Olagaray acrescentou que incentivar o crescimento de plantas nativas o ajudou a combater infestações de pragas, criando habitats naturais para predadores.

“Plantamos sebes com plantas nativas, e elas parecem estar ajudando”, disse ele. As oliveiras têm uma praga chamada cochonilha-preta que é difícil de controlar quimicamente. Desde que plantamos as sebes, a cochonilha-preta tem sido mantida sob controle, sendo parasitada por insetos benéficos.”

Em nossas amêndoas, estamos pulverizando apenas enxofre molhável para controlar a ferrugem”, acrescentou. Não estamos pulverizando nada contra insetos. Também não há pragas nas nozes. Não sei se isso se deve ao fato de as sebes estarem ajudando ou de as árvores estarem mais saudáveis e afastando as pragas.”

Enquanto isso, em seus pomares no sul da Califórnia, Curry disse que sua empresa vem praticando métodos agrícolas regenerativos nos últimos 20 anos, seguindo a filosofia empresarial japonesa do Kaizen, que pode ser traduzida aproximadamente como “boa mudança”.

Orgânico, sustentável e regenerativo oferecem elementos essenciais de uma abordagem holística e apontam para uma filosofia abrangente”, disse Curry.

Trabalhamos para melhorar nosso solo, o que melhora nossas árvores”, acrescentou. Isso, por sua vez, melhora a qualidade de nossas frutas. Frutas de maior qualidade, combinadas com técnicas de processamento em constante aperfeiçoamento, melhoram a qualidade de nossos produtos tanto em sabor quanto em benefícios para a saúde.”

O produtor por trás da Temecula Olive Oil Company está sempre buscando maneiras de melhorar suas práticas agrícolas. A principal delas é aumentar a biodiversidade entre as oliveiras.

“Utilizamos culturas de cobertura, bem como pasta de azeitona compostada, para melhorar a saúde do solo”, disse ele. Isso é complementado por nossas ovelhas e galinhas que pastam livremente nos olivais.”

Aumentar a biodiversidade na fazenda com uma mistura de plantas para satisfazer polinizadores e insetos benéficos”, acrescentou ele. Essa biodiversidade também é útil para nossos eventos ‘da fazenda à mesa’.”

Embora muitos estudos tenham demonstrado que o pastoreio com animais é excelente para a saúde do solo, Olagaray alertou que o gado nos olivais precisa ser monitorado cuidadosamente.

Tentamos o pastoreio com ovelhas nos olivais por um ano e paramos”, disse ele. As ovelhas estavam comendo mais azeitonas do que o esperado.

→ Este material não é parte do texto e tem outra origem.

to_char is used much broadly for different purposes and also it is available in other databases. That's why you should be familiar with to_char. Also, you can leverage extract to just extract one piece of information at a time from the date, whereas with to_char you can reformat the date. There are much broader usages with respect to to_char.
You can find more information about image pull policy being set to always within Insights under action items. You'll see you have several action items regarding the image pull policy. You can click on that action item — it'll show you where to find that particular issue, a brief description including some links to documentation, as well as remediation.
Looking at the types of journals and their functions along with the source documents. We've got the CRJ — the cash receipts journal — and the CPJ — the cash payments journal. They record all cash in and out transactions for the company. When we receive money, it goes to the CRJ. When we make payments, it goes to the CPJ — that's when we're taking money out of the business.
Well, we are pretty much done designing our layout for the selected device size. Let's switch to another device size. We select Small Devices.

Continuamos a praticar o pastoreio em nossos pomares de amêndoas e nozes.”

Um equívoco comum que os agricultores têm sobre práticas regenerativas é a preocupação de que integrar práticas climaticamente conscientes em suas operações seja mais caro do que manter as abordagens convencionais.

A maioria dos agricultores não gosta de mudanças”, disse Olagaray. Por isso, eles continuarão com a agricultura química. O pensamento é que a agricultura regenerativa é mais cara. Eu diria que custará mais no início, mas, à medida que o solo fica mais saudável, os custos diminuem.”

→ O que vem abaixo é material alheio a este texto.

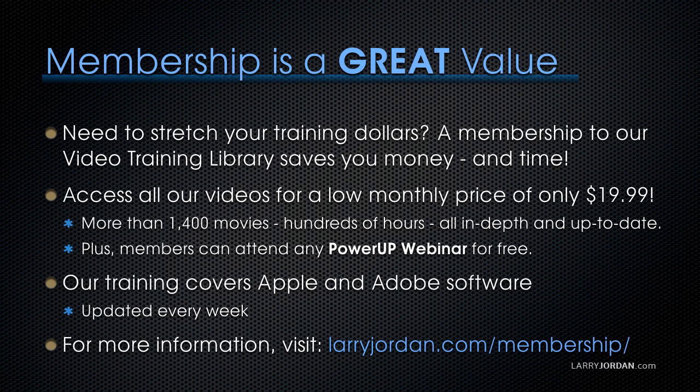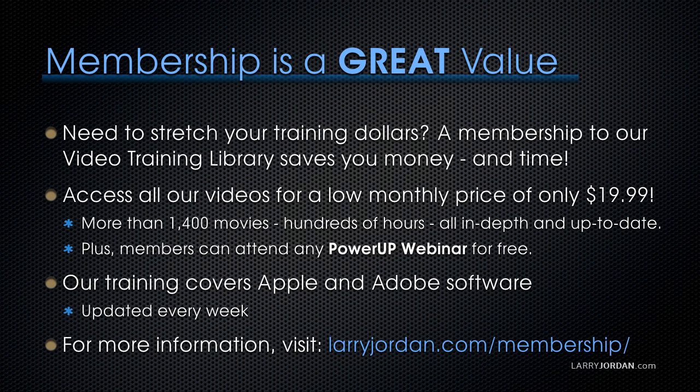By the way, membership is a great value when you need to stretch your training dollars. A membership to our video training library saves you money and time. You can access all of our videos for a low monthly price of only $19.99. That's more than 1,400 movies, hundreds of hours, all in depth and all up to date. Plus, members can attend any Power Up webinars for free. Our training covers Apple and Adobe software. We update it every week. For more information, visit larryjordan.com/membership. And thanks.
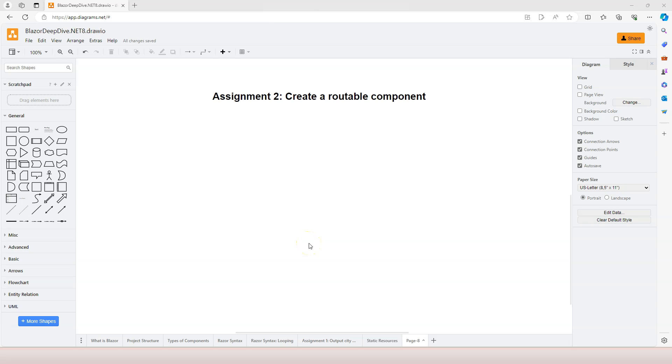This is an assignment video. You have learned about routable components but have never had a chance to create one.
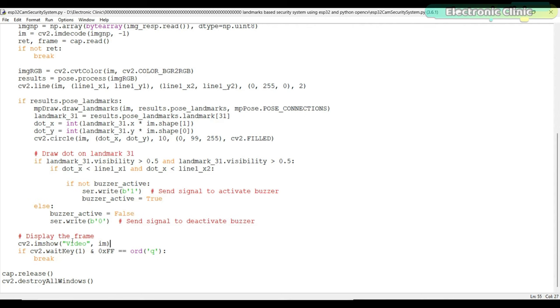The resulting image with drawn landmarks and the line is displayed using cv2.imshow. The loop continues until the Q key is pressed. At this point, the video capture is released using cap.release function and all windows are closed using cv2.destroyAllWindows.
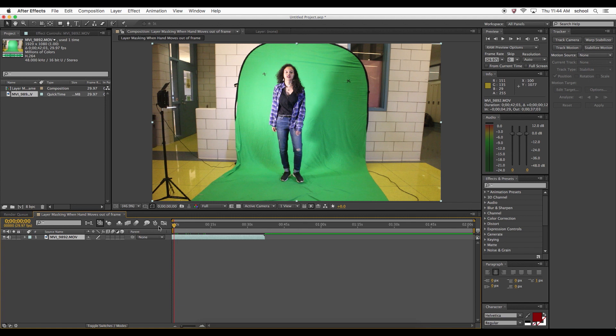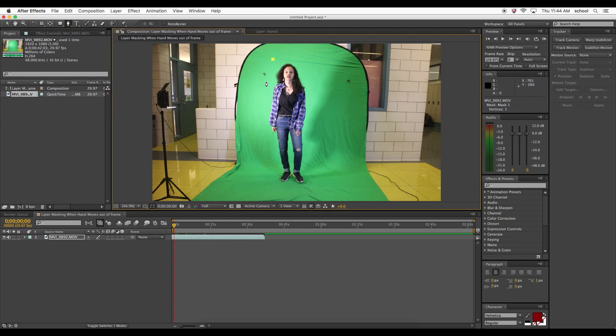As a refresher, here is how to create a layer mask. Select the pen tool and outline the subject to create the layer mask.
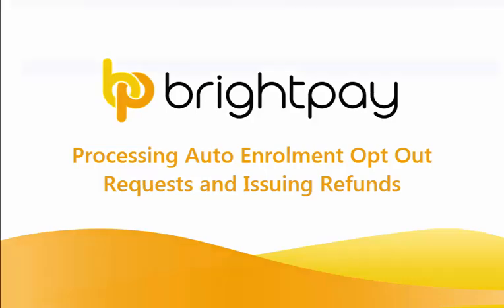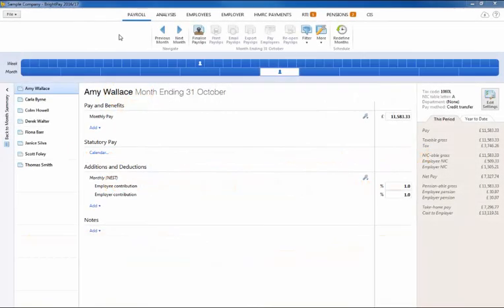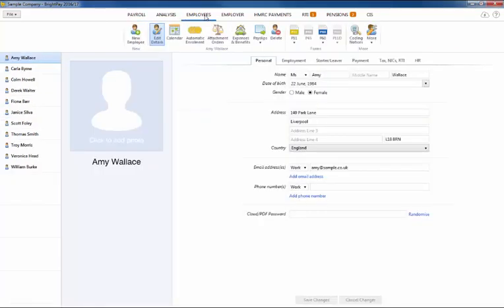Once eligible job holders have been enrolled, they have the right to opt out of the pension scheme within one calendar month of their enrolment date. Brightpay is able to process opt-out requests and issue refunds where applicable.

De acordo com Fox, adotar a agricultura regenerativa é como qualquer outro investimento empresarial de longo prazo: um custo inicial é recuperado ao longo do tempo.

Acreditamos que, com o tempo, o aumento da biodiversidade e outras práticas regenerativas terão um impacto positivo na redução de nossos custos de insumos a longo prazo também”, disse Fox.

A verdade é que, embora a incorporação de práticas regenerativas possa exigir investimentos iniciais no começo, o investimento no futuro de longo prazo de sua fazenda ou rancho pode não apenas proporcionar economia de custos, mas também aumentar a resiliência e a longevidade gerais da propriedade”, concluiu ele.